Are we making progress towards diversity and inclusivity? The ACNP has a strong commitment to achieving equality in representation of women and minorities. Remarkable progress has been made for women. In 2018, a higher percent of female applicants than male applicants were accepted at the Member and Associate Member levels. Women presently chair the Program and Membership committees and have increasingly served as President (2015, 2017, 2019, 2020), although we lag with regard to ACNP Awards. The situation for URM (currently defined as African American, Hispanic, Native American, Pacific Islander, or Scientist with a Disability) remains unsatisfactory, despite very hard work on the part of the Minority Task Force and other committees. In 2018, 100% of URM applying for Associate or Full Membership were successful, but this added only 5 and 1 URM respectively to these categories. The problem is that the pipeline is small. There will be progress, but it will take more time than any of us would like it to.  The College also faces new challenges. Our Code of Conduct ( makes it clear that we welcome everyone regardless of sex, race, color, national origin, religion, age, physical or mental disability, perceived disability, ancestry, marital status, sexual orientation, or any other basis protected by federal or pertinent state laws. But is it sufficient to have a policy of inclusivity? Or, do we need to expand our definition of URM to include other groups, such as members of the LGBTQ community or those who have been economically disadvantaged? How do we do so without diluting targets set for URM as currently defined? These issues are best addressed through participation of URM members in the Strategic Planning process. Moving forward, we have to keep an eye on equal representation versus equal absolute numbers. For a thoughtful consideration of this and related issues, I refer you to a recent analysis of gender balance among Editors, Reviewers, and Authors for Neuropsychopharmacology (

How should we grow? The existing strategic plan of the ACNP is to limit growth so as to maintain an intimate and collegial atmosphere at the meeting. Face-to-face conversations and their unexpected turns can make all the difference in developing an innovative collaborative project or cementing a mentoring relationship. But I acknowledge that this is the view of the “old guard”. We need to hear from our younger members and, if warranted, adjust our viewpoint. Our growth rate also affects our meeting venue. If we want to enjoy warmish weather and avoid convention centers, we have outgrown all but a small number of hotels. Notice that I am not touching the issue of why we can’t go back to Hawaii (at least not in the style to which we were accustomed). Have to save something for the blog.

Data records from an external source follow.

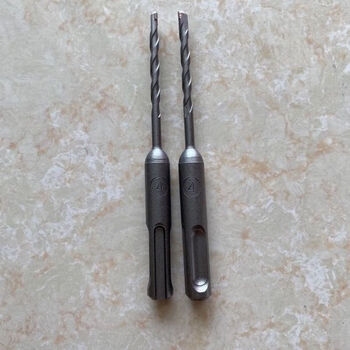 Vinoa 4mm electric hammer impact drill bit does not need to use rubber plugs to quickly fix line pipes and water pipes, round handle 4*110mm (2 pieces)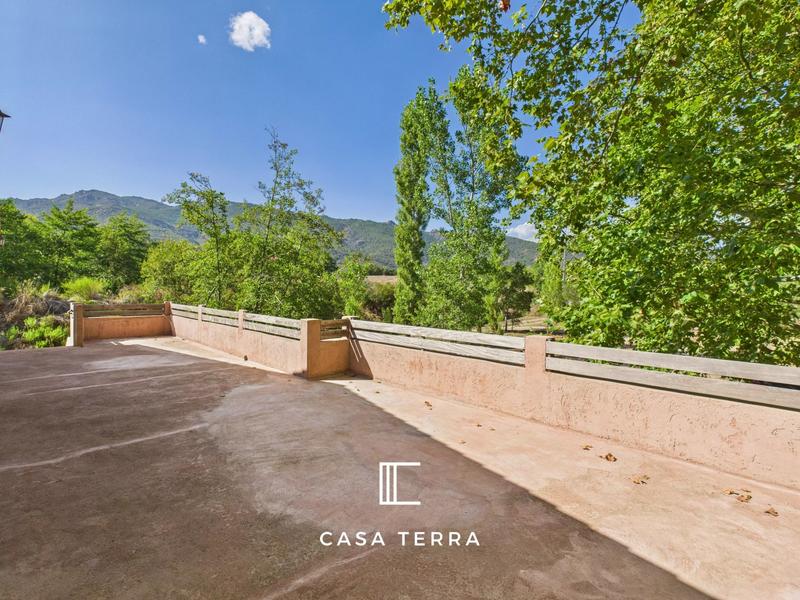 Immeuble - 455 m² - 22 pièces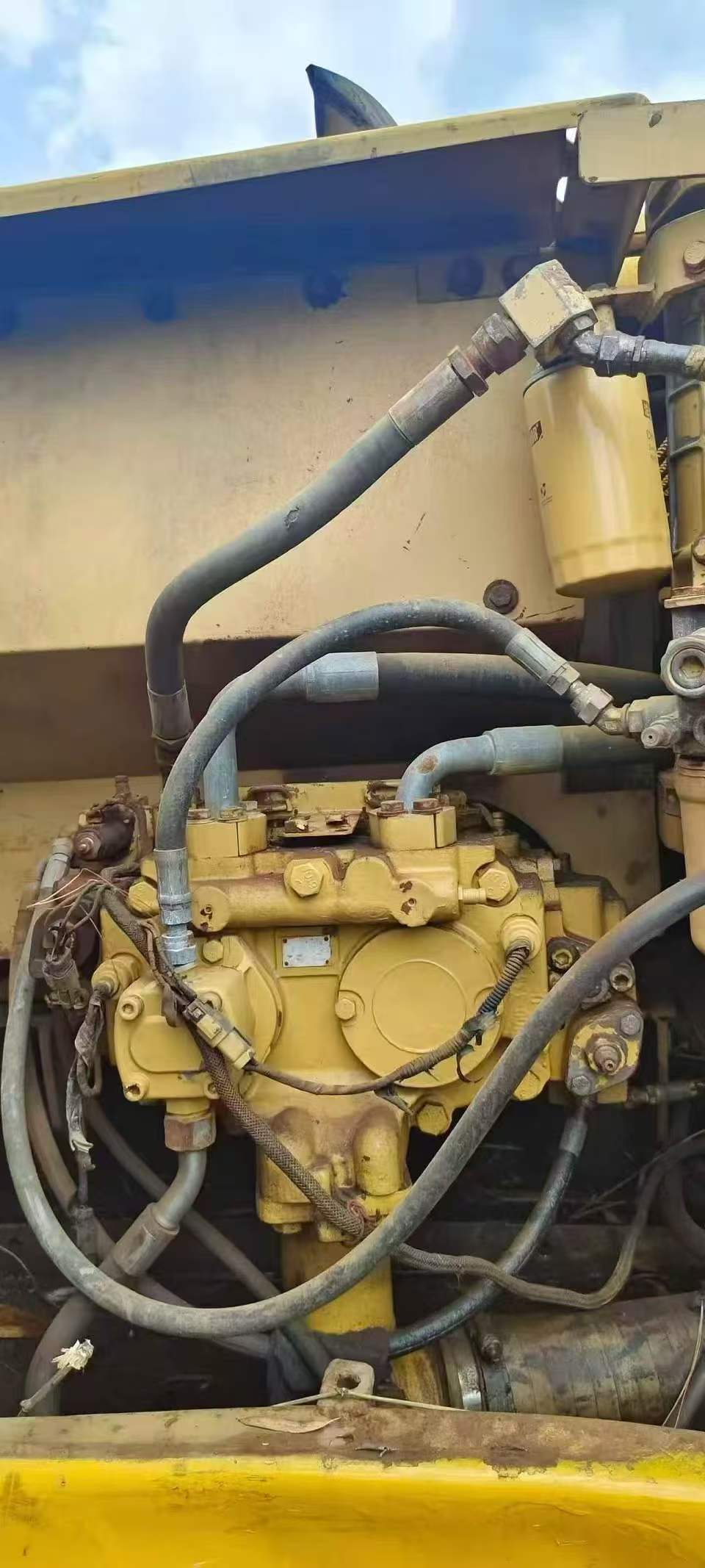 Buy Caterpillar 320C Used Excavator / 4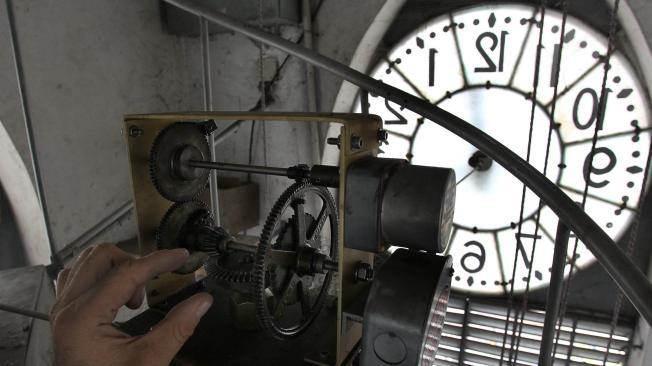 El antiguo reloj de la iglesia ya no marca la hora para sus feligreses. El tiempo se convirtió en olvido.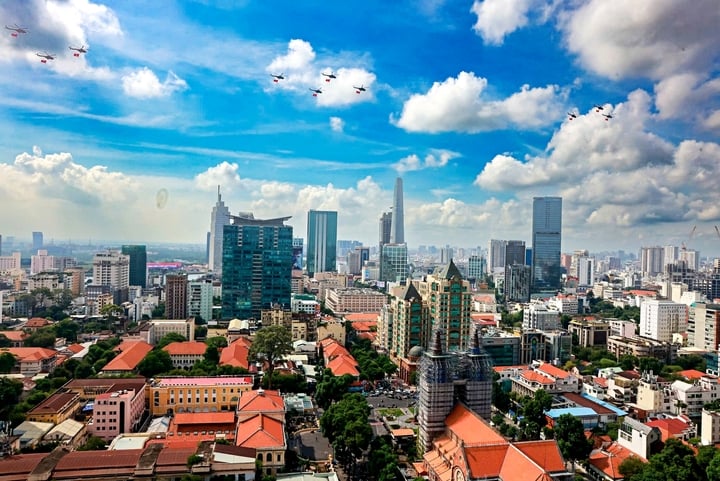 2 năm thực hiện Nghị quyết 98 đã mang lại hiệu quả rõ nét cho TP.HCM, trong đó có cơ chế thu hút chuyên gia, nguồn nhân lực chất lượng cao về TP làm việc.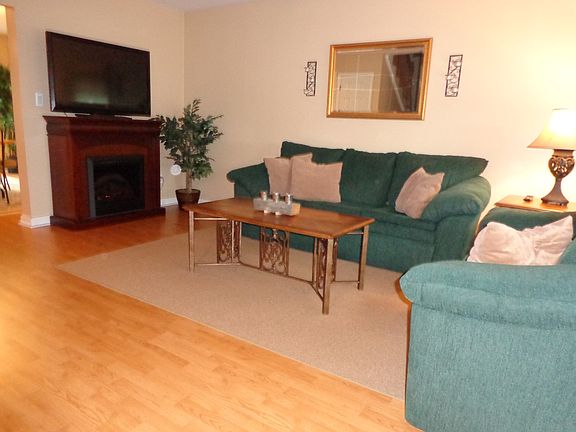 4th image of 256 Quassaick Ave Unit 14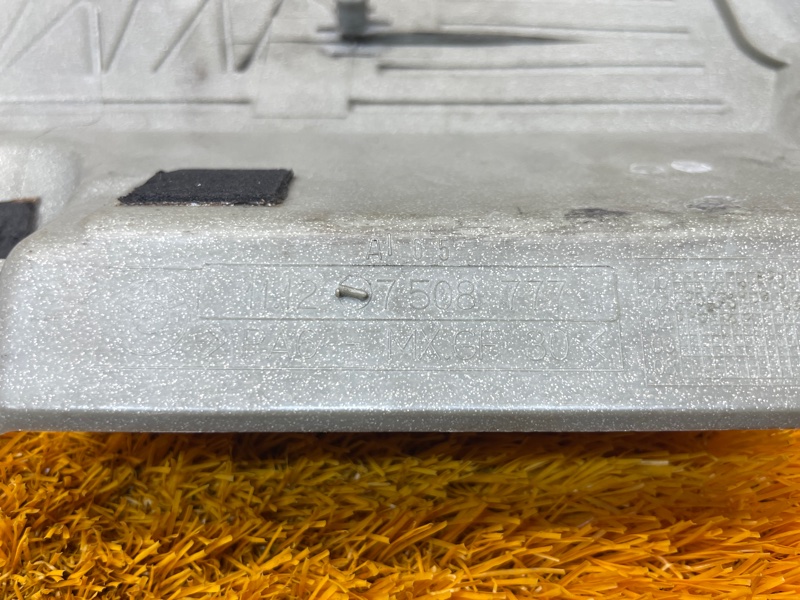 крышка двигателя, 350 рублей, Красноярск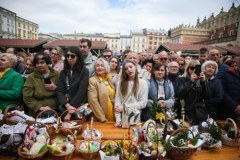 Święcenie pokarmów na krakowskim rynku 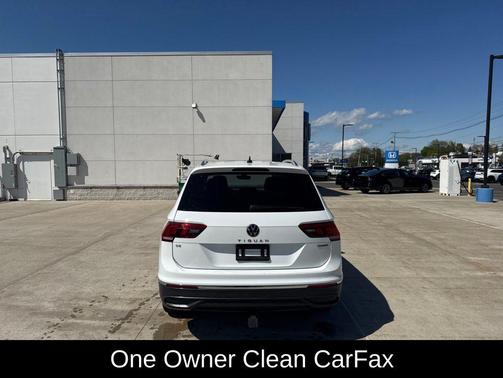 Oryx White Pearl 2022 Volkswagen Tiguan 2.0T SE 4MOTION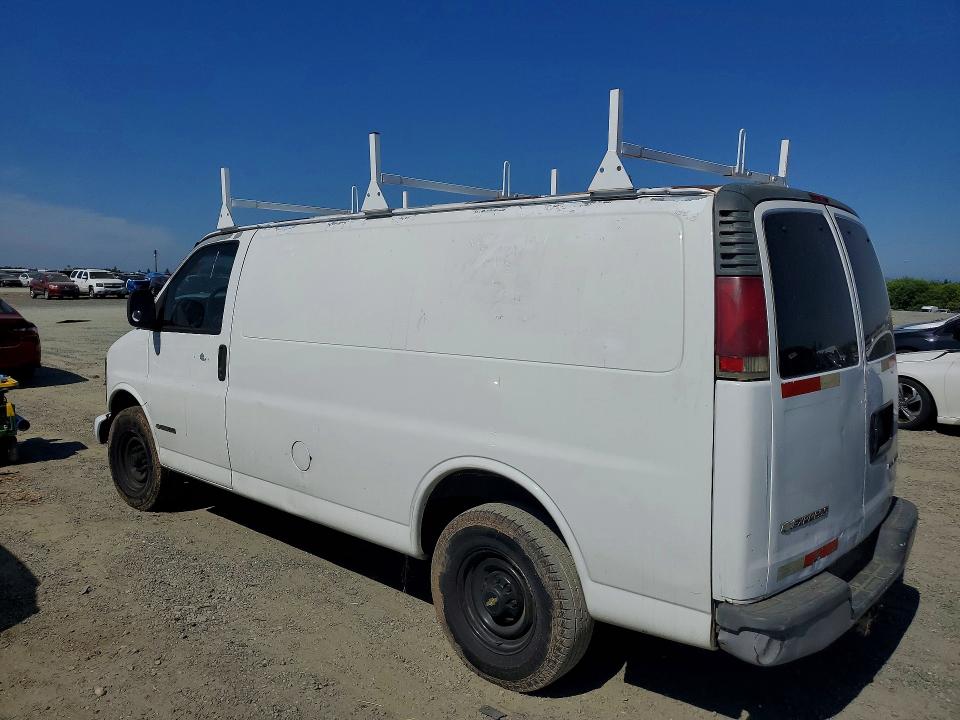 2000 Chevrolet Express 3500 VIN 1GCHG35R0Y1158674 COPART salvage auction — MINOR DENT/SCRATCHES, Ca - Dis/Dlr/Exp Only Clean Title, sold $20 on 2026-07-06 (photo 2)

In closing, I want to thank all of you in advance for taking the time to learn about the issues facing the ACNP so that you can participate productively in Strategic Planning.  My time in the College has taught me that this is a fantastic organization comprised of dedicated people who want very much to do the right thing. I hope that all of you will have the same experience, and that progress made during my Presidency will enhance your pride in our College.

Best wishes for a New Year full of excellent data, enough funding to sustain your work, and the time to enjoy family and friends!